### Dataset section

==============================

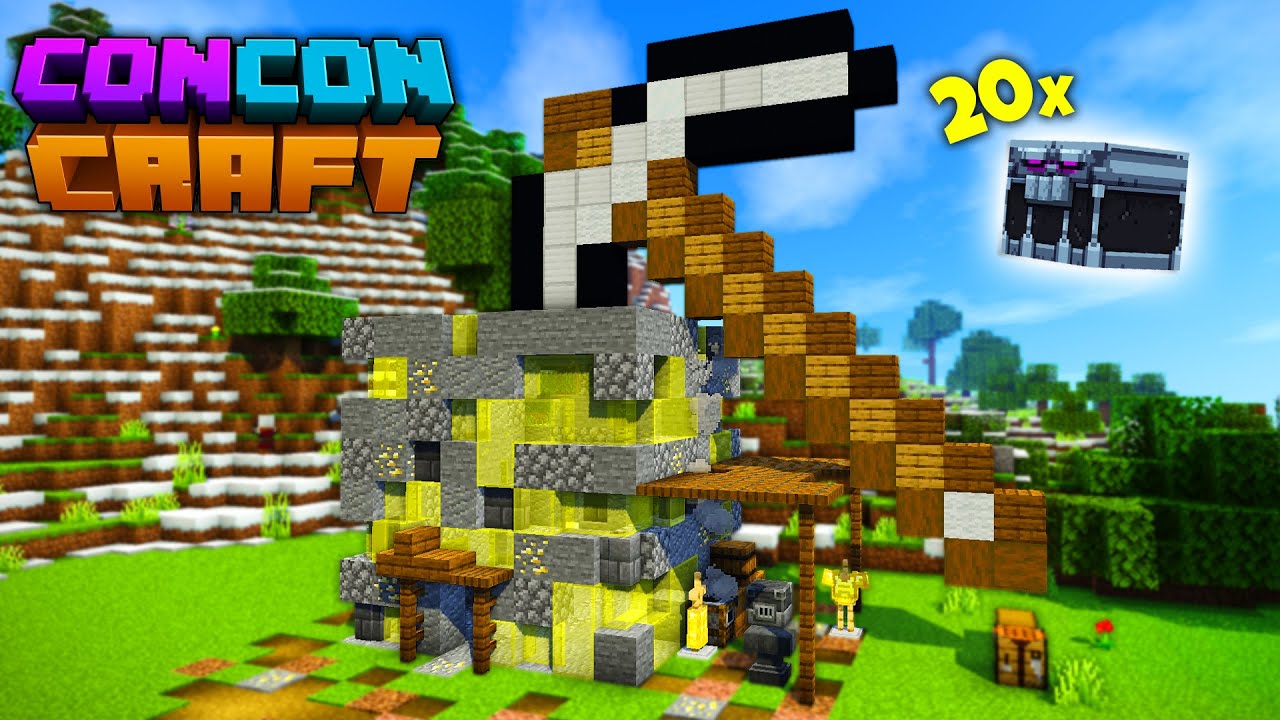 20 CONCON KASASI VE KUYUMCU DÜKKANI SATIŞI ! - Minecraft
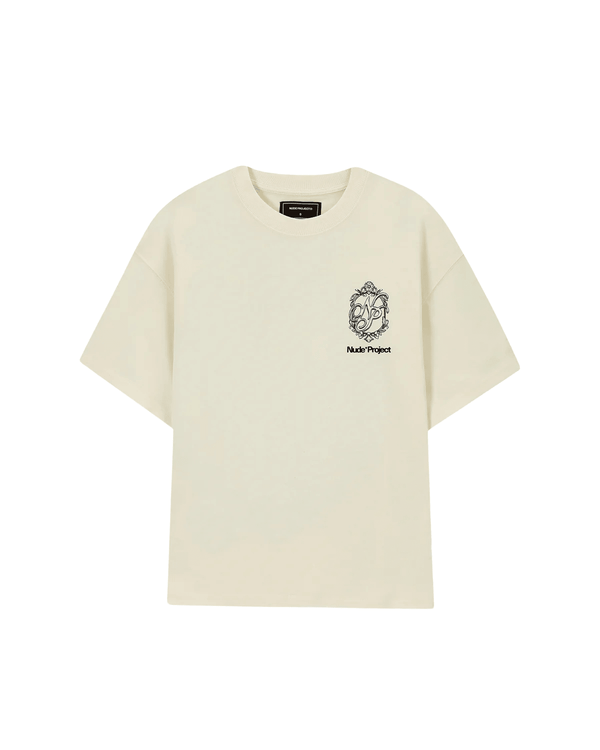 Camiseta Nude Project Honor Tee Marshmallow Off White
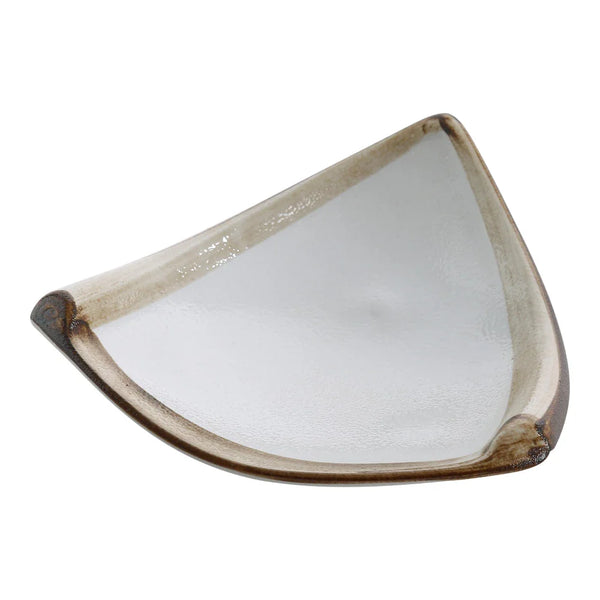 Yanco RO-910 10 Oz Two-Tone Triangle Dinner Plate, Pack of 24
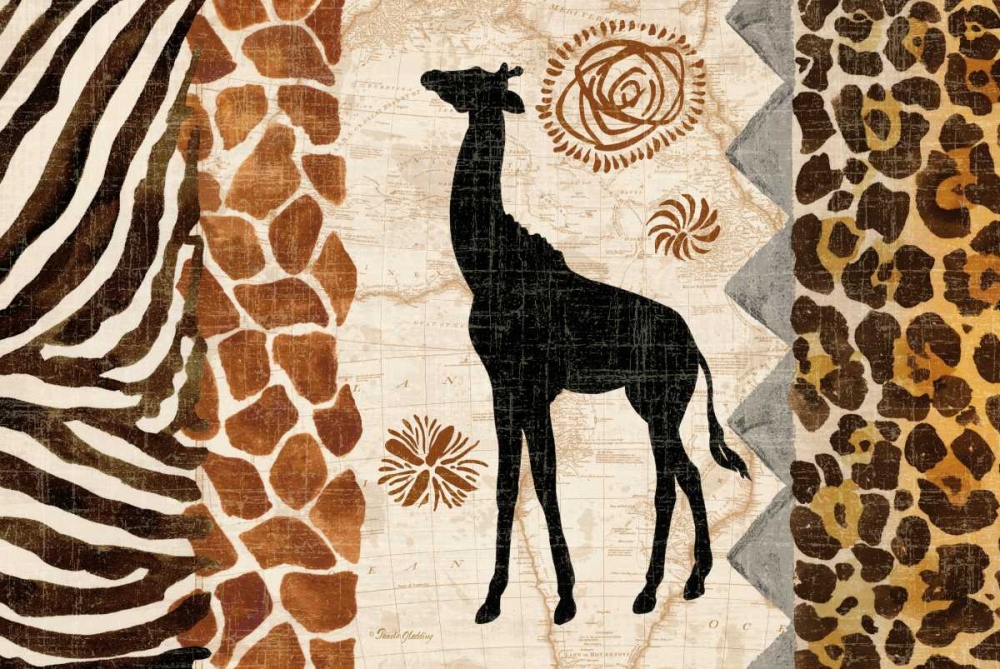 Wall art: Safari Jungle Landscape, by Gladding, Pamela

==============================

### Work to complete
The full listing, reproduced exactly and without pictures, is the expected output.

### Reply to the task
 20 CONCON KASASI VE KUYUMCU DÜKKANI SATIŞI ! - Minecraft
 Camiseta Nude Project Honor Tee Marshmallow Off White
 Yanco RO-910 10 Oz Two-Tone Triangle Dinner Plate, Pack of 24
 Wall art: Safari Jungle Landscape, by Gladding, Pamela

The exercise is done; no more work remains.